- Country: Ethiopia
- Region: Oromia
- Zone: Arsi Zone
- Time zone: UTC+3 (EAT)

= Sherka =

District located in Oromia Regional State of Ethiopia

Sherka is one of the Aanaas in the Oromia Regional State of Ethiopia. Research by Ulrich Braukämper uncovered a local tradition that traced the origins of this woreda's name to an ancient Ethiopian province, Sharkha, which vanished as a political unit in the 16th century. Part of the Arsi Zone, Sirkaa is bordered on the south by the Shebelle River which separates it from the Bale Zone, on the southwest by Bekoji, on the west by Digeluna Tijo, on the north by Tena, and on the east by Robe. Gobesa is the administrative center; other towns include Gaadoo Gunaa.

== Overview ==
The altitude of this woreda ranges from 350 to 1350 meters above sea level. Perennial rivers include 25 kilometers of the Gumelo and 20 of the Rapese. A survey of the land in this woreda shows that 21.4% is arable or cultivable, 6.3% pasture, 2.7% forest, and the remaining 69.6% is considered swampy, mountainous or otherwise unusable. Pepper, black and white cumin and fenugreek are important cash crops.

Industry in the woreda includes 10 grain mills employing 31 people, as well as 671 registered businesses of which 23% were wholesalers, 40% retailers and 36% service providers. There were 32 Farmers Associations with 14,991 members and 6 Farmers Service Cooperatives with 14,315 members. Sirkaa has 77 kilometers of dry-weather and 22 of all-weather road, for an average road density of 91.6 kilometers per 1000 square kilometers, which the Oromia state government notes has not been maintained; 34 kilometers of road between Gobeessaa and Beqqoojjii, and 15 kilometers from Gobeessaa to Tareta are in the planning stages. About 51.1% of the total population has access to drinking water.

== Demographics ==
The 2007 national census reported a total population for this woreda of 163,823, of whom 81,812 were men and 82,011 were women; 12,494 or 7.63% of its population were urban dwellers. The majority of the inhabitants said they were Muslim, with 54.19% of the population reporting they observed this belief, while 45.52% of the population practised Ethiopian Orthodox Christianity.

Based on figures published by the Central Statistical Agency in 2005, this woreda has an estimated total population of 157,640, of whom 78,968 are men and 78,672 are women; 11,870 or 7.53% of its population are urban dwellers, which is less than the Zone average of 12.3%. With an estimated area of 1,080.78 square kilometers, Sherka has an estimated population density of 145.9 people per square kilometer, which is greater than the Zone average of 132.2.

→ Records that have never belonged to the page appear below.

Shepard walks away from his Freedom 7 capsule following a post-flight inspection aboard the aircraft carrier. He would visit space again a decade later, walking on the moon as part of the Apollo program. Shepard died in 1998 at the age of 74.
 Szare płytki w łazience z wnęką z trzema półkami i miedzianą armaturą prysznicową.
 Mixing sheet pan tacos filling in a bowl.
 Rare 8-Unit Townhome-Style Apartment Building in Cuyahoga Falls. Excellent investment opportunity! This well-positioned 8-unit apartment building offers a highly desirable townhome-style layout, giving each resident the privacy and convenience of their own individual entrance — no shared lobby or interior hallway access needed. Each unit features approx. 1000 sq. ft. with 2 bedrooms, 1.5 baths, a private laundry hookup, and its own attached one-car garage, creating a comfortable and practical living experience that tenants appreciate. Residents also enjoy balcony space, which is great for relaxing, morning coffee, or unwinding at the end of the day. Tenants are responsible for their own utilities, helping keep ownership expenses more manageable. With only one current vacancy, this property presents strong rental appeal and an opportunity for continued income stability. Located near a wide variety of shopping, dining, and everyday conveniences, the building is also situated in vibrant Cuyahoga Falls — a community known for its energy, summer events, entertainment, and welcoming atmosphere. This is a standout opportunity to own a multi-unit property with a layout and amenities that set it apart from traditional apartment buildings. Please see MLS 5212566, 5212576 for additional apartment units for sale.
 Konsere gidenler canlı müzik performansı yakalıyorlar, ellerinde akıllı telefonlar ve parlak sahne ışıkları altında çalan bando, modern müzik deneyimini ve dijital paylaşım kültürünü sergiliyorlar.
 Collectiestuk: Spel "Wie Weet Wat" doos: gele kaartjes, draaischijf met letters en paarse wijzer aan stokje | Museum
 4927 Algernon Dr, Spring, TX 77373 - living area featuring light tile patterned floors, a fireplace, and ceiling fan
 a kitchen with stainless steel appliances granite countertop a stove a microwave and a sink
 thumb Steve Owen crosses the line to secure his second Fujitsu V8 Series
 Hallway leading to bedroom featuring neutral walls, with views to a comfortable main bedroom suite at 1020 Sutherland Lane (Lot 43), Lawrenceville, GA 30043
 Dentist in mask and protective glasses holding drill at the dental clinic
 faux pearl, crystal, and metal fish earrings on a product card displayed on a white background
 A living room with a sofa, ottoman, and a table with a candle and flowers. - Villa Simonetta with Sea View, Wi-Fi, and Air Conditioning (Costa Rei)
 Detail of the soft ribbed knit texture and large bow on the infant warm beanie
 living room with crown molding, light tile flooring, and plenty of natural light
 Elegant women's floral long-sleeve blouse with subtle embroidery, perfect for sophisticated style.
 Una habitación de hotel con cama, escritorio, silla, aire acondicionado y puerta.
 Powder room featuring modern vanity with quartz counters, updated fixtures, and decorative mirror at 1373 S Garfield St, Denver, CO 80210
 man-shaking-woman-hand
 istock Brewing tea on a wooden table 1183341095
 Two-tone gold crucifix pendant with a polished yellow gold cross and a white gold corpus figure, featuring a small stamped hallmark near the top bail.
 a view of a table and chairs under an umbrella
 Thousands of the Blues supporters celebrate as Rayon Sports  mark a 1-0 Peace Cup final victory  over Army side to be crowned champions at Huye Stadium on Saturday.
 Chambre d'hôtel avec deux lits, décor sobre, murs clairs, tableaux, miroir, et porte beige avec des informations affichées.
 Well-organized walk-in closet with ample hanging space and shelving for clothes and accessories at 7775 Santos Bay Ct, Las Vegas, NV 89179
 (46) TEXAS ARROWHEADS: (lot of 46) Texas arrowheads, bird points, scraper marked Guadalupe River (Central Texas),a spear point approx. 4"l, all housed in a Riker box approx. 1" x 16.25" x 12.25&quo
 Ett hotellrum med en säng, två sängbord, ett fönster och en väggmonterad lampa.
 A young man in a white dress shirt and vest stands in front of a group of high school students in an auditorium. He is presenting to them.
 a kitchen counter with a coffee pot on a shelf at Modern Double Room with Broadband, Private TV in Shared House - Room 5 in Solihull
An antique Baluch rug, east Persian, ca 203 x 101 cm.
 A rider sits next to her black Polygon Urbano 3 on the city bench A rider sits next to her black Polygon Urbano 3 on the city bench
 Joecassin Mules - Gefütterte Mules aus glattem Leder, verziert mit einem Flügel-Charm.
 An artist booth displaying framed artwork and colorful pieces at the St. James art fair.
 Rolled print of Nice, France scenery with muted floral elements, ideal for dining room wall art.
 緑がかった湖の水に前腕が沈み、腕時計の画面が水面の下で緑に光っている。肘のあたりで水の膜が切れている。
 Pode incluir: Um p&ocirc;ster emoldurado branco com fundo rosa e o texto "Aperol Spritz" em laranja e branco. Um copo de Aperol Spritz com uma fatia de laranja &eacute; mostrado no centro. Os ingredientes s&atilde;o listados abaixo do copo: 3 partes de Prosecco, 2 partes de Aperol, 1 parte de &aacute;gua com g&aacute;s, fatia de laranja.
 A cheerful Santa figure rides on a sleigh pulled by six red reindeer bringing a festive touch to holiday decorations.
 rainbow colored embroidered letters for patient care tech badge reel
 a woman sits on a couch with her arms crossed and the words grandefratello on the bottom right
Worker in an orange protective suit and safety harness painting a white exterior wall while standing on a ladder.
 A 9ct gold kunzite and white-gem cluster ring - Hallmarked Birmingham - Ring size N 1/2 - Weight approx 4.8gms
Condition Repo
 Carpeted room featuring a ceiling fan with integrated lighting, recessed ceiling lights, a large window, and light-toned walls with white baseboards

The 1994 national census reported a total population for this woreda of 112,743, of whom 56,527 were men and 56,216 women; 6,642 or 5.89% of its population were urban dwellers at the time. The two largest ethnic groups reported in Sherka were Oromo (71.83%), and Amhara (26.83%); all other ethnic groups made up 1.34% of the population. Oromiffa was spoken as a first language by 65.98%, and 33.91% spoke Amharic; the remaining 0.11% spoke all other primary languages reported. The majority of the inhabitants professed Ethiopian Orthodox Christianity, with 50.53% of the population having reported they practiced that belief, while 49.22% of the population said they were Muslim.